*** Opening Collected data ***

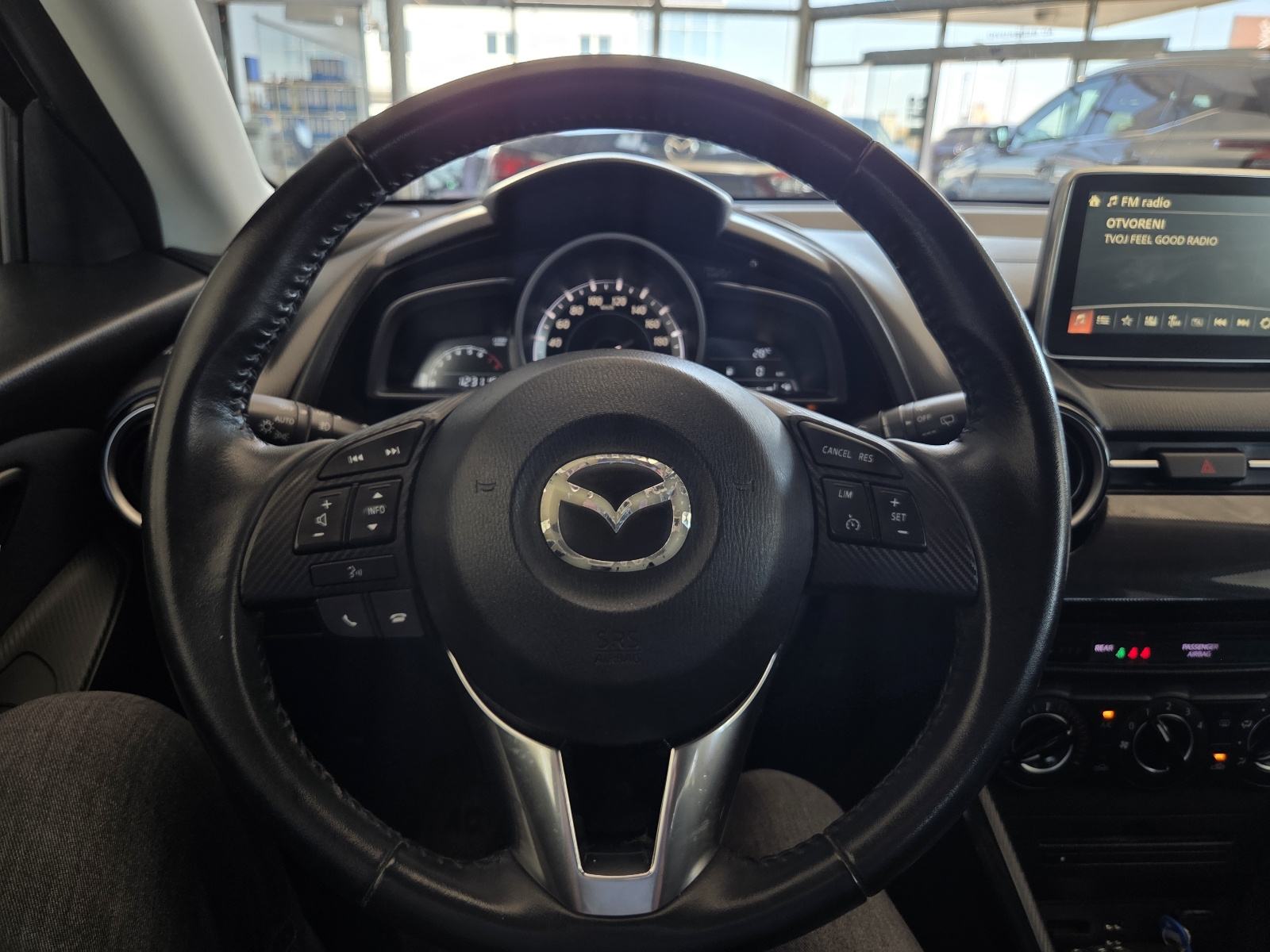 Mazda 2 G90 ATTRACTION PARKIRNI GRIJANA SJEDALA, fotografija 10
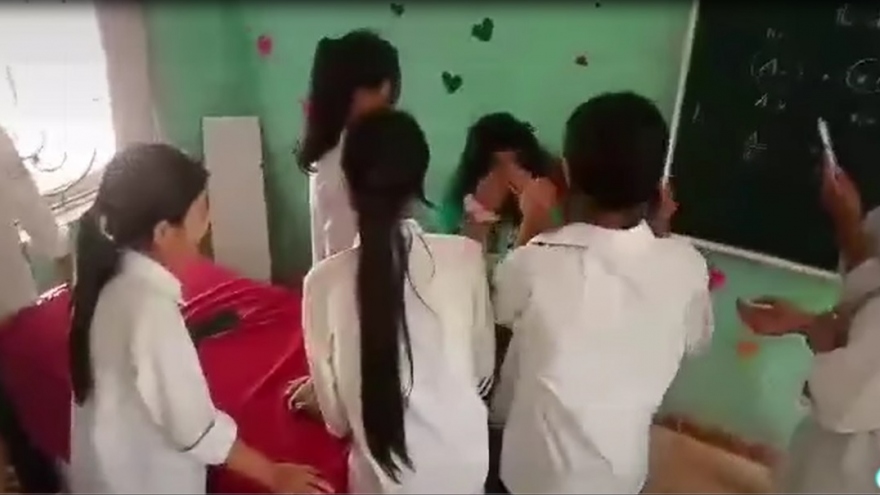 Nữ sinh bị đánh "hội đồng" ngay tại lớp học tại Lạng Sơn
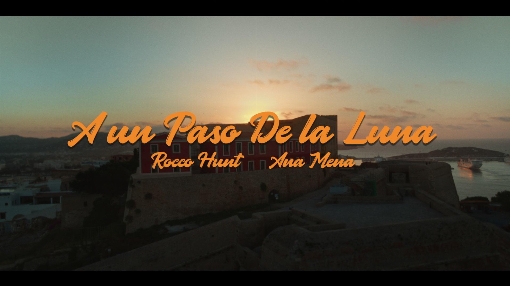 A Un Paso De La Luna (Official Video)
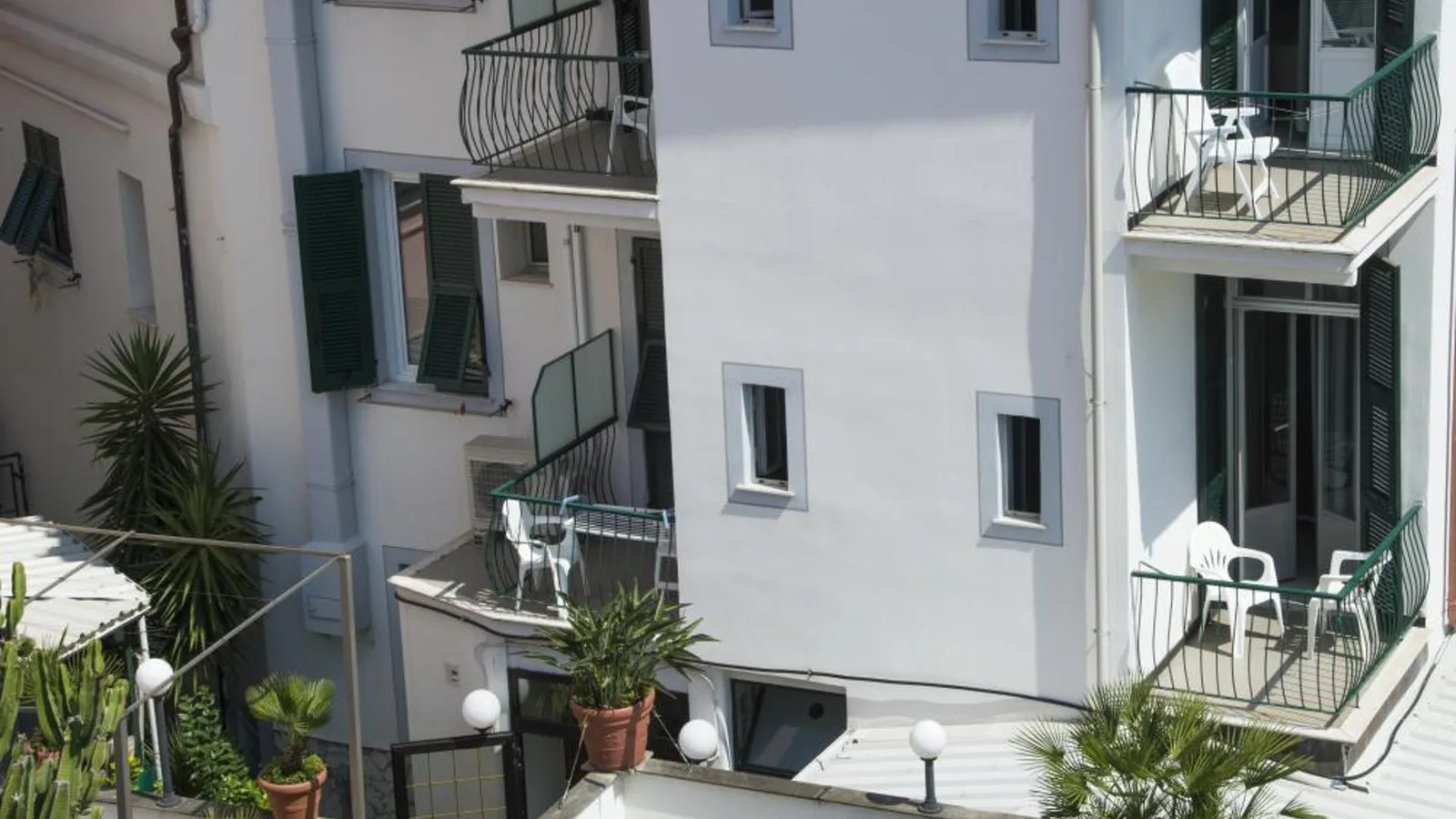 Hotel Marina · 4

*** Closing Collected data ***

### Task to complete
Your copy should run from the line that has "Nữ sinh bị đánh" through the last line above, exactly, with both ends in and pictures out.

### Output of the exercise
 Nữ sinh bị đánh "hội đồng" ngay tại lớp học tại Lạng Sơn
 A Un Paso De La Luna (Official Video)
 Hotel Marina · 4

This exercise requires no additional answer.